ガラスの鐘が鳴る市場
町の広場には誰にでも聞こえる鐘がある。その鐘は災いを知らせるためではなく、人々を一つの門へ歩かせるために鳴る。門をくぐれば希望が売られている。しかし帰り道で荷物が重くなっても、それは自分で選んだ荷物だと言われる。数字は未来を予言するためではなく、歩く向きを決めるために使われることがある。その仕組みは派手ではない。ただ静かで、だから見落とされやすい。
- キーワード
- 老後、数字、不安、鐘、市場、自己責任、物語、選択
鐘は朝だけ鳴る
町には大きな鐘があった。雨の日も晴れの日も、朝になると決まって鳴る。人々は時計より先にその音で目を覚ました。鐘は昔から町を守るためにあると教えられてきたので、誰も理由を尋ねなかった。
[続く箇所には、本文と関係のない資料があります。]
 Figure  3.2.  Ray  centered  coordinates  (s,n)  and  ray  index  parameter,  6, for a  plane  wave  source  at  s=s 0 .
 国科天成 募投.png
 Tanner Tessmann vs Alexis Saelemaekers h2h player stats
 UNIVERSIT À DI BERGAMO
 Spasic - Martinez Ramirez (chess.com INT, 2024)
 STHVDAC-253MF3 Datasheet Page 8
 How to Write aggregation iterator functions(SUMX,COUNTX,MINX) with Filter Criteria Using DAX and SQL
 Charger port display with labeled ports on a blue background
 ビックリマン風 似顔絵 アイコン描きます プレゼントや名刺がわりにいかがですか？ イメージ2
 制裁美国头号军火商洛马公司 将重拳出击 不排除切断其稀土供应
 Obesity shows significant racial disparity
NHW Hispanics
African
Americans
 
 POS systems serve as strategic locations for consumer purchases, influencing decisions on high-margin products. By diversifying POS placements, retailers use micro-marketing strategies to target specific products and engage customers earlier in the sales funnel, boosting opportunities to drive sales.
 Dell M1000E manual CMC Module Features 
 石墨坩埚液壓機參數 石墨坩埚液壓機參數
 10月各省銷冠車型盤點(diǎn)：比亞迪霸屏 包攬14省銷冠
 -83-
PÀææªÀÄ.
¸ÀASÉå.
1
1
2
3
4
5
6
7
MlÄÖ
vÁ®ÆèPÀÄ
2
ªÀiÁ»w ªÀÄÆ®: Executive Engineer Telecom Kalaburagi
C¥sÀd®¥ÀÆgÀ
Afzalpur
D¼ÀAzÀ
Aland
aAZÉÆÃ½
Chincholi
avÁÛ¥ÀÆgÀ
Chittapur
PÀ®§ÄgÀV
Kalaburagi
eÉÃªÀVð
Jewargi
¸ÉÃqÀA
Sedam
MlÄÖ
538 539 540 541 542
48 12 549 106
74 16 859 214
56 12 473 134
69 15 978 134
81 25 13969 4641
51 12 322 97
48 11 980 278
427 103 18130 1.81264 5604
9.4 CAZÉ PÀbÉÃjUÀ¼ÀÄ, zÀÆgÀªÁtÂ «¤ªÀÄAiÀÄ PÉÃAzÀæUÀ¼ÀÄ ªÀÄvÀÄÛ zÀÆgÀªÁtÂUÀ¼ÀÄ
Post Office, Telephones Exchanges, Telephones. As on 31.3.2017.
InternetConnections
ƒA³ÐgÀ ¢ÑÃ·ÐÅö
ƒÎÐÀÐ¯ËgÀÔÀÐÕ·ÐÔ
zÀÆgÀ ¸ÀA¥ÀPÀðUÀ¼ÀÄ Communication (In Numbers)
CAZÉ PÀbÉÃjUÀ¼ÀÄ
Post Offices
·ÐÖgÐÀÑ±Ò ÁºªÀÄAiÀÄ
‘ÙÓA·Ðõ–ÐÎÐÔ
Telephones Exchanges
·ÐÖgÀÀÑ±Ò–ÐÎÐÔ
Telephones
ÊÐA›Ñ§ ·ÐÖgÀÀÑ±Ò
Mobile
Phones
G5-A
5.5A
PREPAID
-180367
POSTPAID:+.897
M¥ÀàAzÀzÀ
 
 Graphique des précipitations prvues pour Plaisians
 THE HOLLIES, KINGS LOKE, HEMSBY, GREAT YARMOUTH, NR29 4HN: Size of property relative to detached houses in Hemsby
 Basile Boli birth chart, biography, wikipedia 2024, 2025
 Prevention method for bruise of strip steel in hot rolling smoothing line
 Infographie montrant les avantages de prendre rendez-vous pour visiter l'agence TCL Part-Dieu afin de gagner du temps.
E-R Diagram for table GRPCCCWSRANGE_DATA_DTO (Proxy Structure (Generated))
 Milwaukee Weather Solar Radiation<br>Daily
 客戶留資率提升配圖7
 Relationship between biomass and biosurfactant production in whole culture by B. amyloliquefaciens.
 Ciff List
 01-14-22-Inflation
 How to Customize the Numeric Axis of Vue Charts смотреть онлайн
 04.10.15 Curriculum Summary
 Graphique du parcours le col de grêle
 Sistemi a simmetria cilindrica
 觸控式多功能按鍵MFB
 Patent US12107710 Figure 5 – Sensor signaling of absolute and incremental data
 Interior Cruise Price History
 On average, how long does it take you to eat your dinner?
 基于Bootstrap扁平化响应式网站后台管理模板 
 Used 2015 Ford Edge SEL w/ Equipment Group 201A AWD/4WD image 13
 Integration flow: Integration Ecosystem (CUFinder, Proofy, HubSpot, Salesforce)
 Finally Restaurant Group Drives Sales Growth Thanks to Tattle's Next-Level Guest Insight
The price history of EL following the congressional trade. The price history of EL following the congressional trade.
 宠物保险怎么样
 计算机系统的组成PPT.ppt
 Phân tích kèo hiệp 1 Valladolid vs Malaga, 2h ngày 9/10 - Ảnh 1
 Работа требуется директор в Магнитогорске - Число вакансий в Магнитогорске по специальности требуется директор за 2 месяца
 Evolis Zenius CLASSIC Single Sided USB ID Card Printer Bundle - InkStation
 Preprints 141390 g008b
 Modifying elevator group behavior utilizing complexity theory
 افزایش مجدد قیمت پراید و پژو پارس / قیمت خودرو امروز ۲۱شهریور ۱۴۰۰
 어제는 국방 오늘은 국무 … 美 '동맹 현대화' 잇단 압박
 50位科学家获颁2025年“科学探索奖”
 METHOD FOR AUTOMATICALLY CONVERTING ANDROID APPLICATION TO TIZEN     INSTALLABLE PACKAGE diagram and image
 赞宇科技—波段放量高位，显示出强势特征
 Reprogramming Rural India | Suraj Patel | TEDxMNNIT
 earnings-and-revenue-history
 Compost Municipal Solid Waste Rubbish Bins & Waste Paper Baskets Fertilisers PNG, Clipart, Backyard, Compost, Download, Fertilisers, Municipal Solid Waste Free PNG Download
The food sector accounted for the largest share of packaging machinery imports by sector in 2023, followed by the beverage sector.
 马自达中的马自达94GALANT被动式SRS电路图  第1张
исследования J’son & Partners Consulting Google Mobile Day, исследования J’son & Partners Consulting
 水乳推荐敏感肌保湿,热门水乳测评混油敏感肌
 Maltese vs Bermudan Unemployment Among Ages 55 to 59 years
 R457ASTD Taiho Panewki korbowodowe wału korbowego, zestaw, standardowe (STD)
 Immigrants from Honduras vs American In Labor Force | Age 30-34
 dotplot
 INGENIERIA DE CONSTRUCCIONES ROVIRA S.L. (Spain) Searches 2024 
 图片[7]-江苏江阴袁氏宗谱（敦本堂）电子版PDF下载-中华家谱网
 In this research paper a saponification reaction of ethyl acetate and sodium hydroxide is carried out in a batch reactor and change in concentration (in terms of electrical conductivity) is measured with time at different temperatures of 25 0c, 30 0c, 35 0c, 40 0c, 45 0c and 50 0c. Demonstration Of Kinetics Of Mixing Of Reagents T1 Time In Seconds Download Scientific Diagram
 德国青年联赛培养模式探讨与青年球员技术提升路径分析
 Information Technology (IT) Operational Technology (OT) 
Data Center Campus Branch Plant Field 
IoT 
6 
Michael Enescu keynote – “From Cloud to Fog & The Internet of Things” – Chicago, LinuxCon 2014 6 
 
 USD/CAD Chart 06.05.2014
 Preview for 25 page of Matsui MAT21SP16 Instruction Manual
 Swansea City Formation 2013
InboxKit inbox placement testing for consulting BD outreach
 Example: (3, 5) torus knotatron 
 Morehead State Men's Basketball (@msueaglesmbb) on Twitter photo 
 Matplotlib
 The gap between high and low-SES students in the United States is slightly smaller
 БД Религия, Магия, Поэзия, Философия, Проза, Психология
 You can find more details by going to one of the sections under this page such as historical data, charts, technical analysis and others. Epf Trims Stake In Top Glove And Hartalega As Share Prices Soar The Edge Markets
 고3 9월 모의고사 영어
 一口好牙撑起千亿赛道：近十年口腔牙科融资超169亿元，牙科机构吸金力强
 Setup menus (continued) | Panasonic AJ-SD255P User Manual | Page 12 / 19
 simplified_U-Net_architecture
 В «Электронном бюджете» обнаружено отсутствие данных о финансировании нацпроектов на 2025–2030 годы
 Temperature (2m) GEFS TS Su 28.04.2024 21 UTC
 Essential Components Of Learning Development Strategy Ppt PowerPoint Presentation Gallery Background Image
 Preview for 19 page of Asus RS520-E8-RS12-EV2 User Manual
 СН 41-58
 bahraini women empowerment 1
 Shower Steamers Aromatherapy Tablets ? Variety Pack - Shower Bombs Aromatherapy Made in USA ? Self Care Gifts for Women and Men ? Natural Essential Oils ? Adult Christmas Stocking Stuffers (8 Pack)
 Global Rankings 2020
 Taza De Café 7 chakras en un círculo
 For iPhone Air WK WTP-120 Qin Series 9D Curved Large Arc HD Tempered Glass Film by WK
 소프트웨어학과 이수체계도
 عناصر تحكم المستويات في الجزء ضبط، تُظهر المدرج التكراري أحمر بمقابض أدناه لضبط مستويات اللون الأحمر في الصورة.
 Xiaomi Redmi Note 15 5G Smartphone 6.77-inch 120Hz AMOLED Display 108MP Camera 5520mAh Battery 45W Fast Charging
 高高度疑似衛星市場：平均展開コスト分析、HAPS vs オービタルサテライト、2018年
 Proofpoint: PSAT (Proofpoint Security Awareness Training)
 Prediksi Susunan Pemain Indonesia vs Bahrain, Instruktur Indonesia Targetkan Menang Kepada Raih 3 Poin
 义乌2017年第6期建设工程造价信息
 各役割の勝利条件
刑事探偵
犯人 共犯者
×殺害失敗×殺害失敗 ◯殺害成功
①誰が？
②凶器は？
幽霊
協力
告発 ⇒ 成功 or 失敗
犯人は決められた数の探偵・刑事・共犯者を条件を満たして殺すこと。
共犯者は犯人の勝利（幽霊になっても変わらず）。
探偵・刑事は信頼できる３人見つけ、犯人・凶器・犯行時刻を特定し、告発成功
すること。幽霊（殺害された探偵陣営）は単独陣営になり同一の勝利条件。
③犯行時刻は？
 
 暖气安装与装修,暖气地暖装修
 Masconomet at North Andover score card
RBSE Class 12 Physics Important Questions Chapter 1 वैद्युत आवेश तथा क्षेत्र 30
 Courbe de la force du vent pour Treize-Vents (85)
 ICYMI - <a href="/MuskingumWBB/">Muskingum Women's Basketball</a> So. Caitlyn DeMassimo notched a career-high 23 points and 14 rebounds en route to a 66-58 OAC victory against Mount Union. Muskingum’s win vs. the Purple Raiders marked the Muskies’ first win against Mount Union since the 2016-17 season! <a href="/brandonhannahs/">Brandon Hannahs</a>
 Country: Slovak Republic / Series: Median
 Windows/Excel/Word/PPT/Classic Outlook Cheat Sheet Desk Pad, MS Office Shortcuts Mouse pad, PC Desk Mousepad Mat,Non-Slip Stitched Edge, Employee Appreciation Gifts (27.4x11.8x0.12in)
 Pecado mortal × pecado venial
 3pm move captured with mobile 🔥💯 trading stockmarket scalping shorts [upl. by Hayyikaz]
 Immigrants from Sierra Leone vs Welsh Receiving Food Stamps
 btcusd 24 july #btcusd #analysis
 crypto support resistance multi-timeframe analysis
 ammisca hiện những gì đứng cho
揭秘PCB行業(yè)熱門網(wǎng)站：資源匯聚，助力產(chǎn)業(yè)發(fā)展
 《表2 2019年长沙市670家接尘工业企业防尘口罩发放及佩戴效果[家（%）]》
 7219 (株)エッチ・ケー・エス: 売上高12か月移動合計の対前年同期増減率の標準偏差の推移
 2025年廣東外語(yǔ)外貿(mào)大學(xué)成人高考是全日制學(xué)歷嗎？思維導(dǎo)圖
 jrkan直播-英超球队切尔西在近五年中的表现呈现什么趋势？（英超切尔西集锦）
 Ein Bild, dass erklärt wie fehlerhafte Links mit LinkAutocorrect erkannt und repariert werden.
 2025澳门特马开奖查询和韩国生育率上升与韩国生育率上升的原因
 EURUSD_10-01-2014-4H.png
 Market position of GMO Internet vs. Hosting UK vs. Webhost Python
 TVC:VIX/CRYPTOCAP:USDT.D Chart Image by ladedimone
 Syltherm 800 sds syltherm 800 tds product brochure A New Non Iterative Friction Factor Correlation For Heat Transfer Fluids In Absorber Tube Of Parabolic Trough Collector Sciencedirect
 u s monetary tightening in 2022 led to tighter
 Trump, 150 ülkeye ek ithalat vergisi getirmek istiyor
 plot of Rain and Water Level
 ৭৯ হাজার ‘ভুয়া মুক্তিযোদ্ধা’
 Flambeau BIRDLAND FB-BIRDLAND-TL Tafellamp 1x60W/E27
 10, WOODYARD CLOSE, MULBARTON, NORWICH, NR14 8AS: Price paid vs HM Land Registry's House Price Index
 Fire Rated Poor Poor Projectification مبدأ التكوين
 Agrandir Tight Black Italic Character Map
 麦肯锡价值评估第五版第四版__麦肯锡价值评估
ある朝、鐘の音は少し長かった。そのあと広場で一人の男が言った。
「これから先は道が長くなる。昨日まで持っていた荷物では足りない。」
人々は顔を見合わせた。昨日まで普通に暮らしていた家も、店も、川も何も変わっていない。それでも鐘が鳴ったあとでは、景色まで少し違って見えた。
男は続けた。
「昔は荷物は二つで足りた。しかし今は四つ必要になる。」
なぜ二つだったのか。なぜ四つになったのか。説明はあったような気もするし、なかったような気もした。残ったのは四という数だけだった。
門の向こうの店
広場の先には一つの門があった。門の上には控えめな看板が掛かっている。希望という字だけが読めた。
店主は穏やかな顔で言う。
- 荷物を軽くする方法があります。
- 持ち方を変える道具があります。
- ただし途中で荷物が重くなる日もあります。
- その時は選んだ人の話になります。
誰も店主がうそをついたとは思わなかった。確かに説明はしていたからである。
ただ、不思議なことが一つあった。
鐘が鳴る前には町にはいくつもの道があった。荷物を減らす人もいた。歩く日を延ばす人もいた。途中で休む人もいた。しかし鐘が鳴ったあとには、門だけがまっすぐ見える。
道は消えていない。それでも見えなくなる。
見えなくなった道は、歩かれなくなる。
数字は歩かせるためにある
ある老人は広場の隅で黙って鐘を見ていた。
若い男が尋ねた。
「四つの荷物は本当に必要ですか。」
老人は鐘ではなく、人の列を見ながら答えた。
「必要かどうかは人による。」
若い男は安心しかけた。
しかし老人は続けた。
「だが、人によるという言葉は、列を止める力を持たない。」
列は静かに門へ流れていく。
誰も走らない。
誰も押されない。
それでも流れは止まらない。
鐘は命令しない。ただ鳴るだけである。
数字も命令しない。ただ置かれるだけである。
人は命令より、静かに置かれた数字に従うことがある。
最後まで割れないガラス
夕方になると門から戻る人がいた。
笑って帰る人もいた。
黙って帰る人もいた。
荷物が軽くなった人もいれば、重くなった人もいた。
けれど門の前に立っていた店主は、どちらにも同じように頭を下げた。
「選ばれたのは、ご自身です。」
それは事実だった。
だから誰も反論できなかった。
夜になり、町は静かになった。
老人だけが広場に残っていた。
彼は鐘を指で軽く弾いた。
澄んだ音がした。
鐘は金属ではなかった。
透き通ったガラスでできていた。
だから壊れやすいのではない。
中が見えると思い込ませるために、ガラスだったのである。